Bu konuda genel bir yanılgı içerisine girmemek için sünnet ve icazet olayını birbirinden ayırmak gerektiğini düşünüyorum. Birden fazla kadınla evlenebilme Kur’an’dan alınma bir icazettir. Yani peygamberimizin davranışından bağımsız olarak belli şartlar dahilinde verilen bir olanaktır. Doğrudur, peygamberimizin davranışları esas olarak örnek niteliğindedir ve efdal’dir (daha faziletli), ama velev ki peygamber birden çok kadınla hiç evlenmiş olmasaydı dahi bu olanak geçersiz kalmazdı, mekruh da sayılmazdı.

Öyleyse bu imkanın ölçütleri nelerdir, onların bilinmesi gerekir. O da önceden söylediğim gibi bir uzmanın yanıtlaması gereken sorular. Ancak şu bir-iki yüzyıl hariç insanlık tarihine baktığımızda hiç de anormal bir durum gibi görünmüyor.

Anormal hale gelmesinin nedeni de modernitenin oluşmasıyla beraber kadının güç kazanmasıdır.

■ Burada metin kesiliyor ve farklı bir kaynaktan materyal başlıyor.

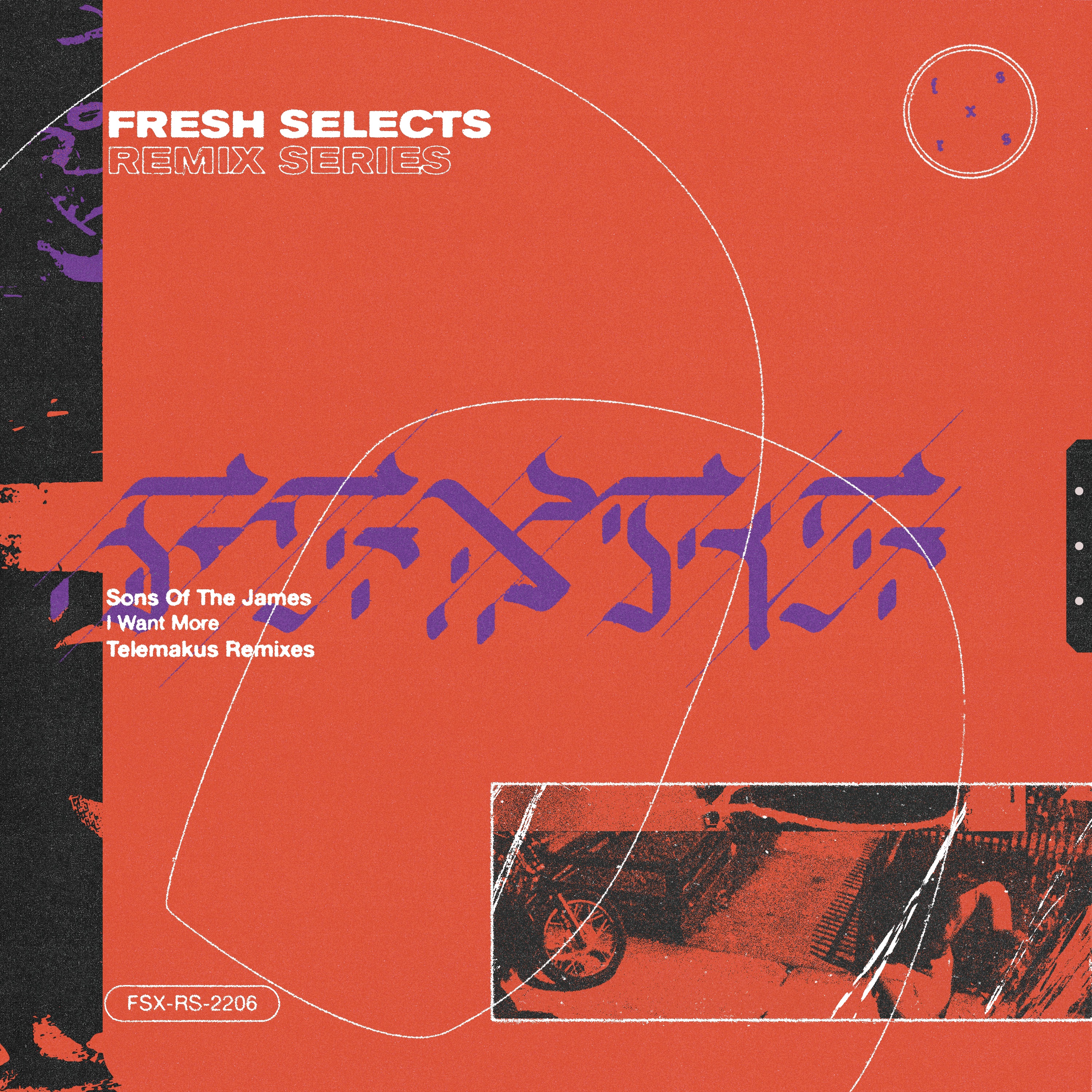 I Want More (Telemakus Fast-Jazz Mix) - Single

Günümüzde ise şekil değiştirerek ağırlıklı olarak erkeğin eşini aldatmasıyla sürüp gitmektedir. Benim açımdan çokeşlilik bağlamında birden çok kadınla evli olmanın veya eşini sürekli aldatıp durmanın pek bir farkı yok.

Sevgili Kartal dostum da aşktan bahsetmiş ve çokeşliliğin irrasyonel olduğundan söz etmiş. Ancak hepimiz biliyoruz ki günden güne daha çok çift birbirini aldatmakta. Bu çiftler de büyük aşklar yaşayarak evlendiklerini ifade ediyorlar ki biz de buna inanmak durumundayız. Üstelik bunlar son derece iyi tahsil görmüş, okumuş kimseler. Yani sıradan veya gelişmemiş insan prototipinin hayli üzerindeler. Hatta diyebiliriz ki insanların biliş düzeyleri, gelirleri ve eğitimleri arttıkça aldatma vakaları da doğru orantılı bir şekilde artıyor. Bu da –ki ben bunu tek eşe bağlı kalamama olarak görüyorum- tek eşliliğe karşı duruşun gelişmişlik düzeyiyle ters anlamda bağlantılı olmadığını, hatta paralel gittiğini gösteriyor.

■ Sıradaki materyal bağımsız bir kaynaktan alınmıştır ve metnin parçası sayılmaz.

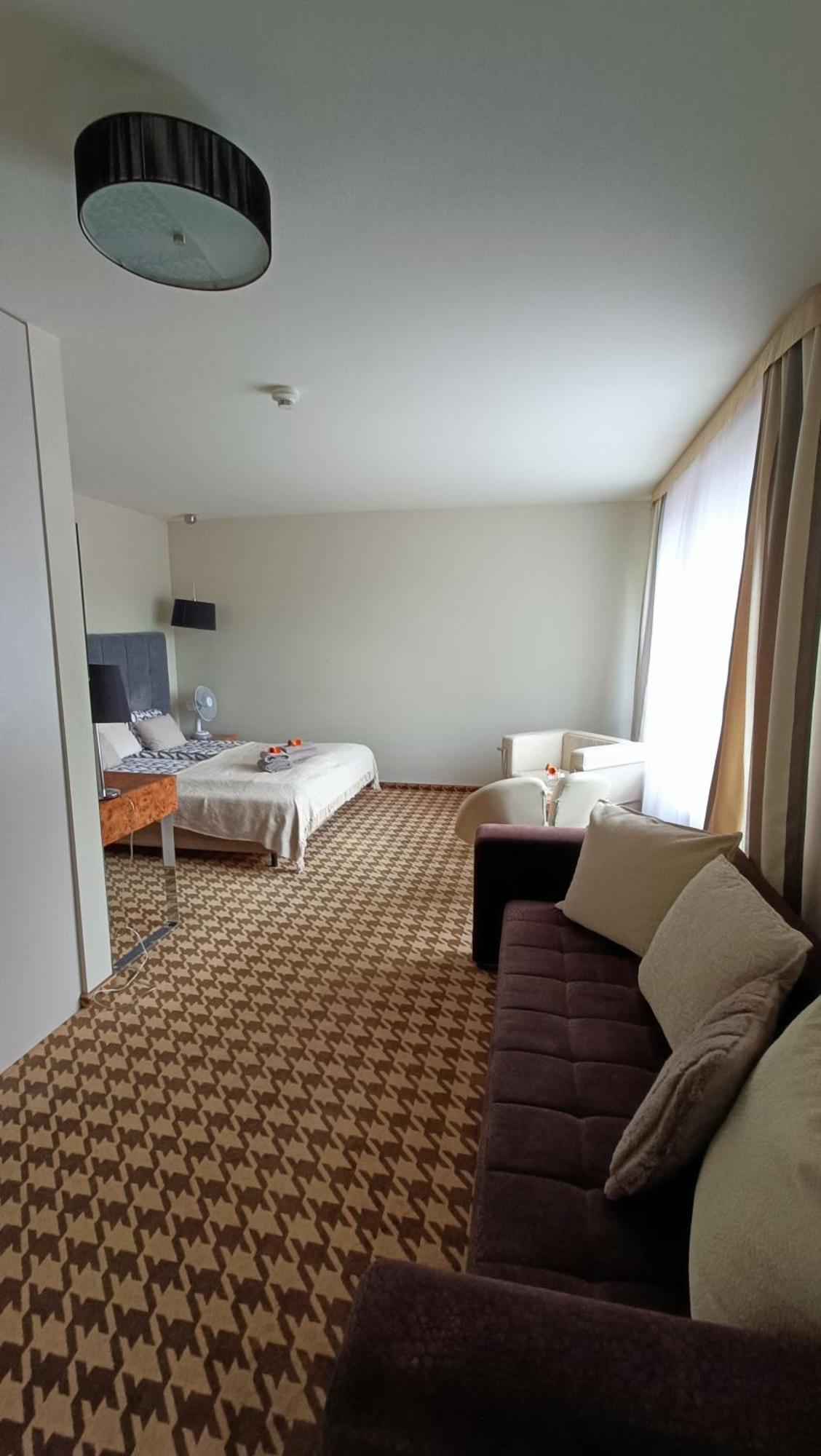 117 W 5 Gwiazdkowym Royal Tulip Sand 200 M Do Plazy Dobruk Apartamenty โควอบเซก ภายนอก รูปภาพ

Belki bunlar tuhaf geliyor ama saptamam bu şekilde.

Tabi burada “olması gerekenin ne olduğu” ile “gerçekte ne olduğu” arasındaki keskin ayırımı fark etmemiz gerekiyor. Benim ahlaki değerlerime göre insanın eşine sadakatsiz kalması veya başka kadınların peşinden koşması asla tasvip edilebilecek davranışlar değildir. Ancak bu değer yargısına birçok insanın sahip olmadığını, olsa bile bunun lafta kaldığını teslim etmek gerekiyor. Olayları “olması gerektiği gibi” değil, “olduğu gibi” görmeliyiz, kendi kişisel tercihimiz elbette bundan bağımsız olabilir.

Özet olarak insan denen yaratığın içinde yer etmiş temel güdüler ve dürtüler, zaman ve şartlar ne olursa olsun bir şekilde baskın çıkabiliyor. Çünkü bu güdüler son derece içsel ve eğitimle, zamanla veya şehirleşmeyle kolay kolay yok olmuyor.

Bu arada ilk defa bu saptama konusunda aramızda ciddi bir ayrışma yaşandığını görüyorum ki bu ilginç ve heyecanlı oldu. İnsanoğlunun benimsemediğim bir davranış kalıbının bir realite olduğunu savunmak da şeytanın avukatlığını yapar gibi bana kaldı.